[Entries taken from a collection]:
################

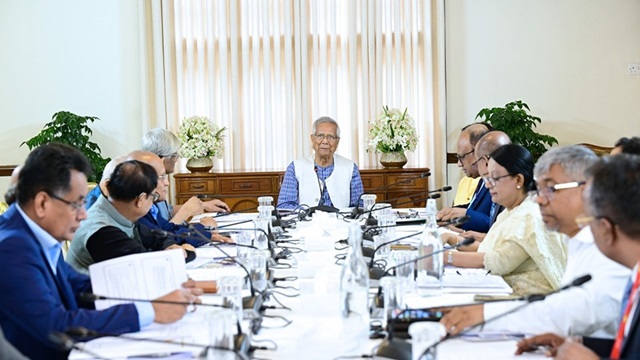 লুটপাট ও পাচারকৃত অর্থ পূনরুদ্ধারে বিশেষ তহবিল : প্রধান উপদেষ্টা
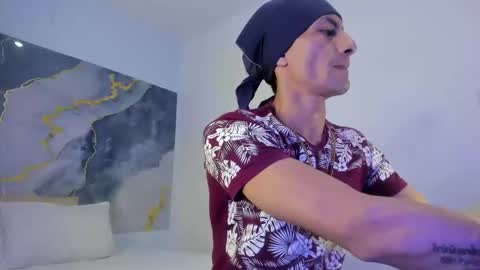 Snapshot of latin_crissex chatting on October 2025 12:20:01 PM crissex online show from October 2025 12:20:01 PM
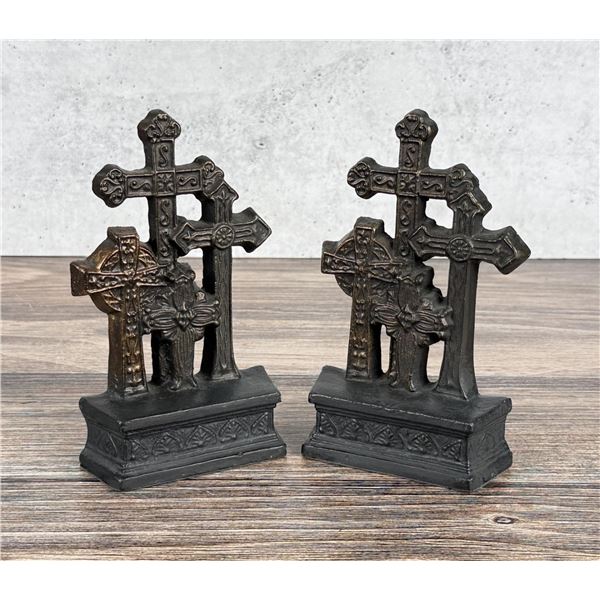 SPI Home Mixed Crosses Bookends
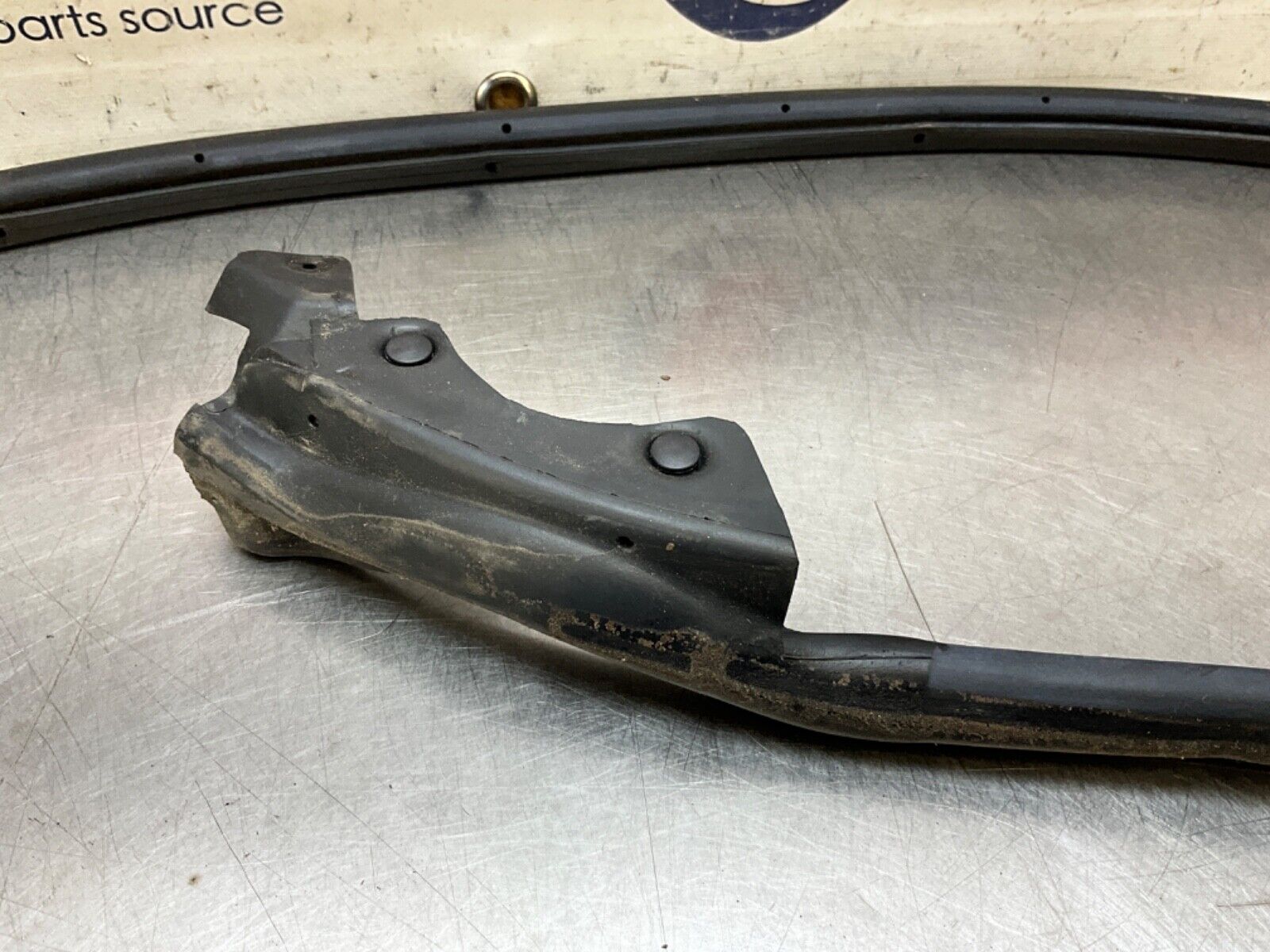 2004 Nissan Z33 350Z Passenger Right Lower Outer Door Seal OEM 22BLCFK - On Point Parts Inc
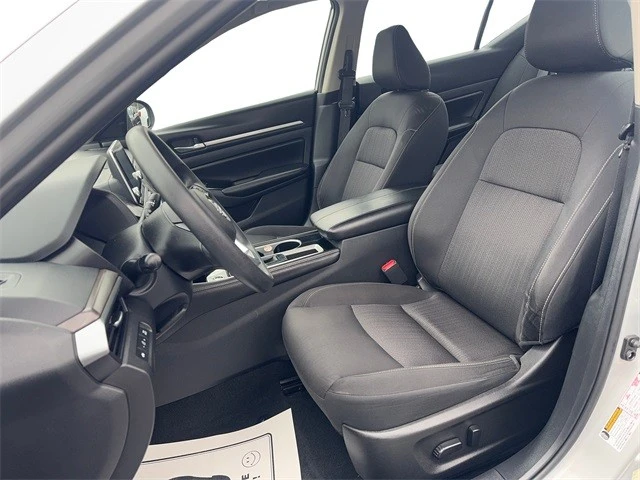 2023 Nissan Altima 6th Gen - Image 12 of 12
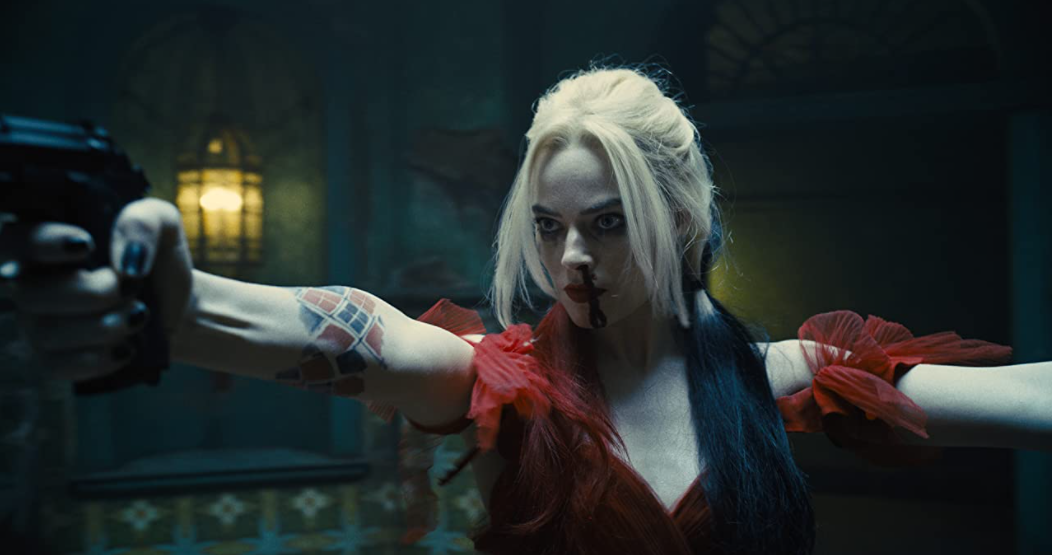 Maquiada e trajada a caráter, Margot Robbie interpreta Arlequina no filme 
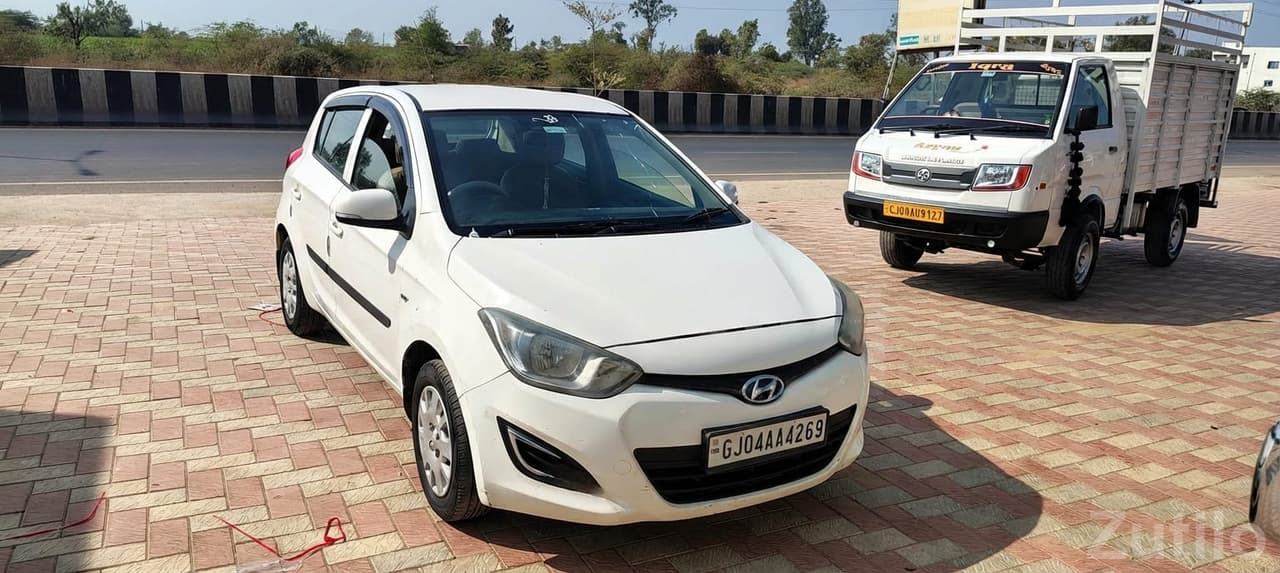 Hyundai i20 Magna White Hatchback image 3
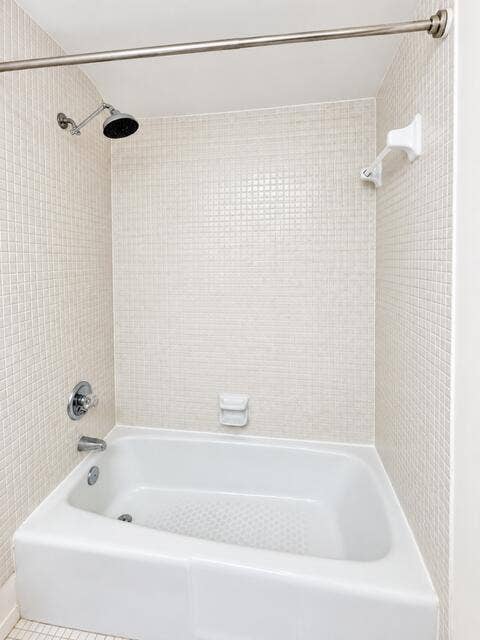 3800 Oaks Clubhouse Drive, #Unit 211, Pompano Beach, FL 33069 3800 Shower-bath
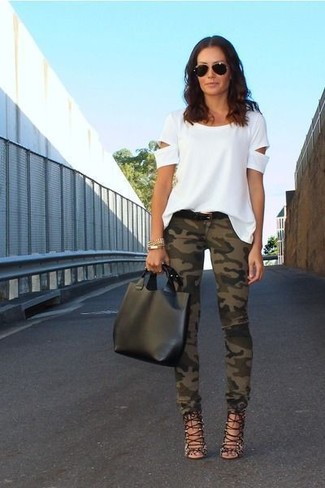 Comment porter des sandales spartiates en cuir noires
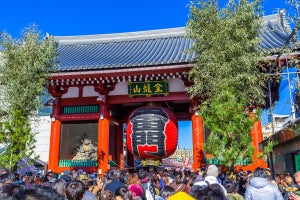 【2025年初詣】検索数の多いお寺ランキング、東日本1位は東京都・浅草寺、西日本は?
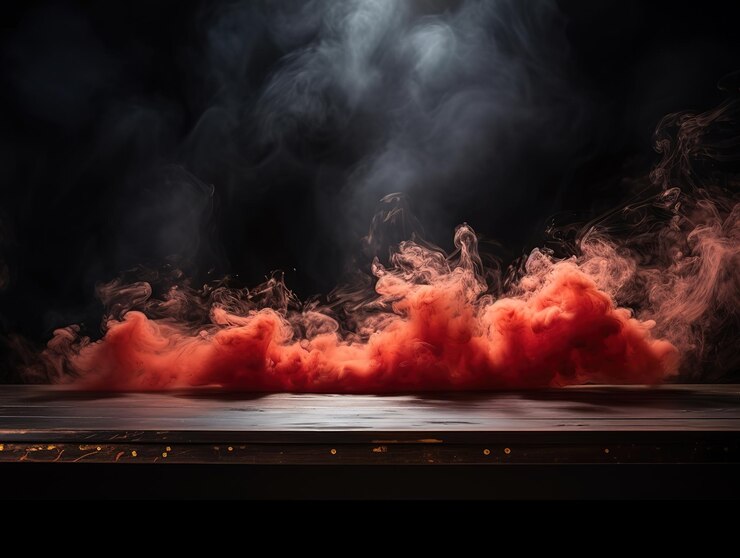 Sobresaliente niebla en la oscuridad humo y niebla en una mesa de madera fondo abstracto de Halloween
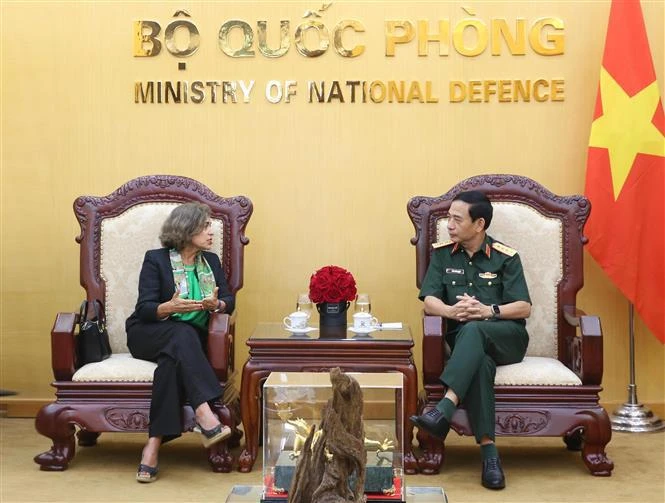 El ministro de Defensa de Vietnam, general Phan Van Giang, y la recién nombrada embajadora de España en Hanoi, Carmen Cano De Lasala (Fuente: VNA)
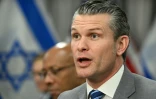 Le ministre de la Défense Pete Hegseth lors d'une réunion au Pentagone à Arlington (Virginie), le 5 février 2025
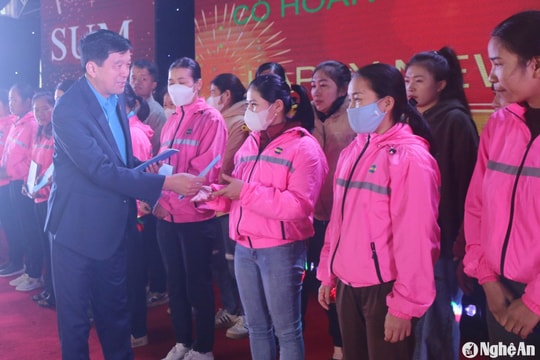 Công nhân Diễn Châu, Yên Thành vui 'Tết sum vầy - Xuân ơn Đảng' năm 2025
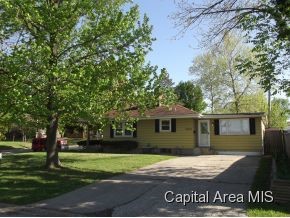 2608 Devonshire Road Springfield, IL 62703 - Photo 3 of 19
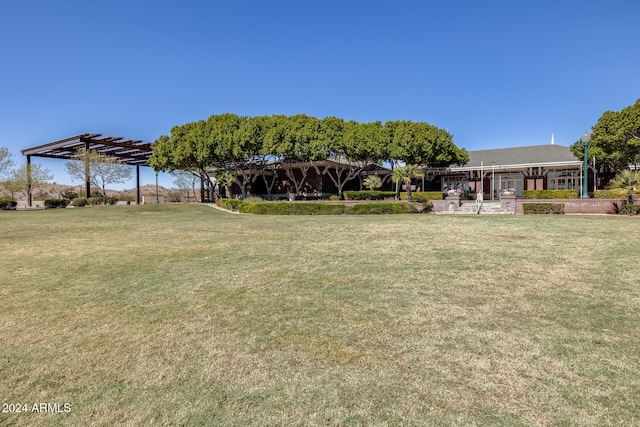 view of yard featuring a pergola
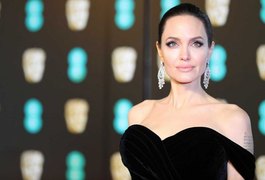 Angelina Jolie está namorando com sósia de Brad Pitt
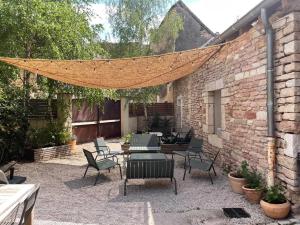B&B / Chambre d'hôtes Le Clos de Miribel 26a Rue de la République 71640 Givry Bourgogne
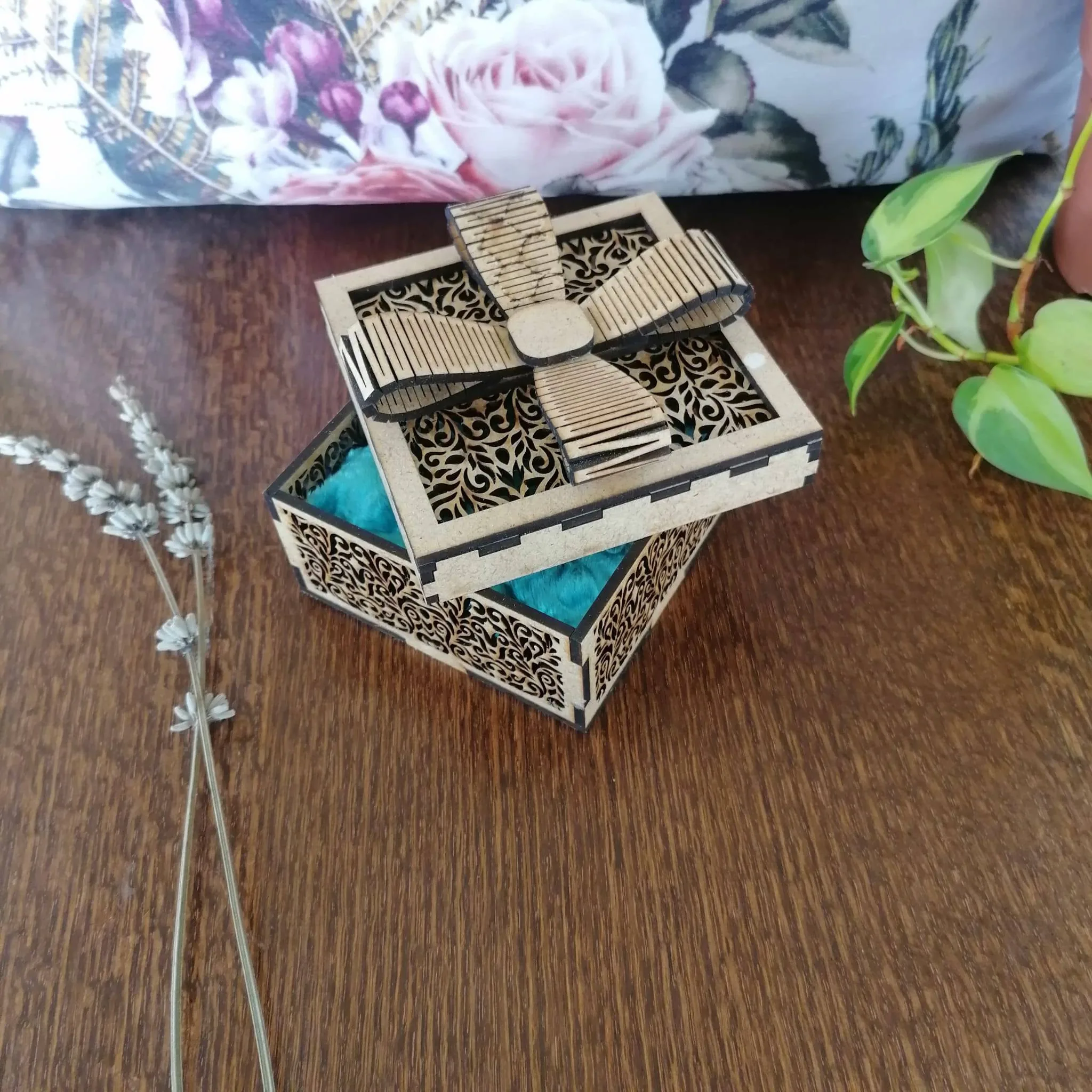 Coffret gravé bois & cuir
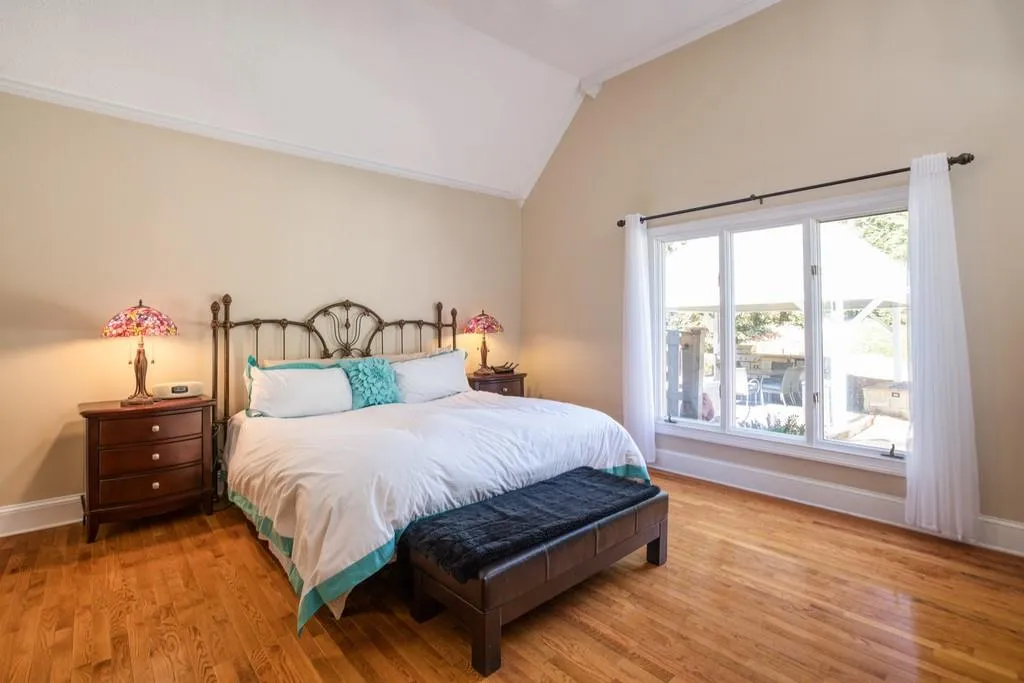 500 Spalding Hills Court, Sandy Springs, Georgia 30350, 6 Bedrooms Bedrooms, ,5 BathroomsBathrooms,Residential,Sold,500 Spalding Hills Court,6511525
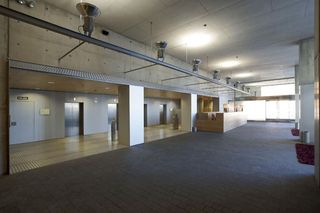 Oficina en alquiler en Porta en Barcelona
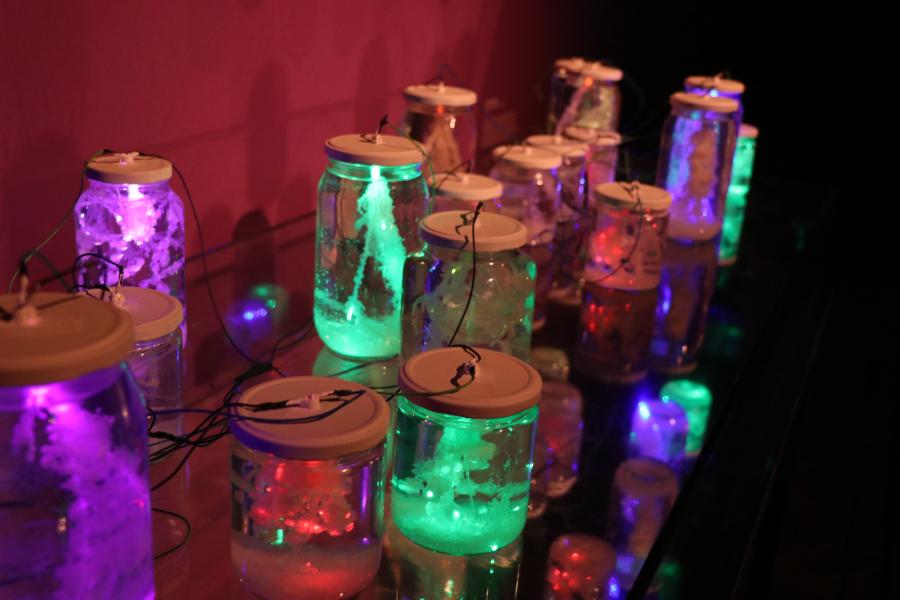 Frasco con luces de colores dentro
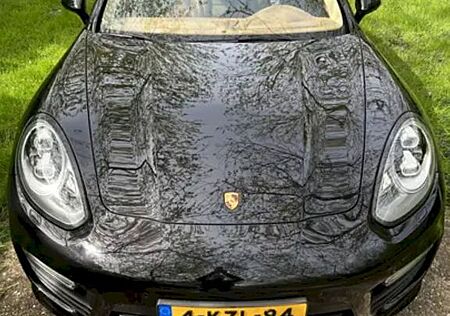 Porsche Panamera Turbo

################

[TASK STATEMENT]: Give the lines again word for word, from the start of the records to the line holding "Sobresaliente niebla en", both included, and leave out any picture.

[YOUR SOLUTION]:
 লুটপাট ও পাচারকৃত অর্থ পূনরুদ্ধারে বিশেষ তহবিল : প্রধান উপদেষ্টা
 Snapshot of latin_crissex chatting on October 2025 12:20:01 PM crissex online show from October 2025 12:20:01 PM
 SPI Home Mixed Crosses Bookends
 2004 Nissan Z33 350Z Passenger Right Lower Outer Door Seal OEM 22BLCFK - On Point Parts Inc
 2023 Nissan Altima 6th Gen - Image 12 of 12
 Maquiada e trajada a caráter, Margot Robbie interpreta Arlequina no filme 
 Hyundai i20 Magna White Hatchback image 3
 3800 Oaks Clubhouse Drive, #Unit 211, Pompano Beach, FL 33069 3800 Shower-bath
 Comment porter des sandales spartiates en cuir noires
 【2025年初詣】検索数の多いお寺ランキング、東日本1位は東京都・浅草寺、西日本は?
 Sobresaliente niebla en la oscuridad humo y niebla en una mesa de madera fondo abstracto de Halloween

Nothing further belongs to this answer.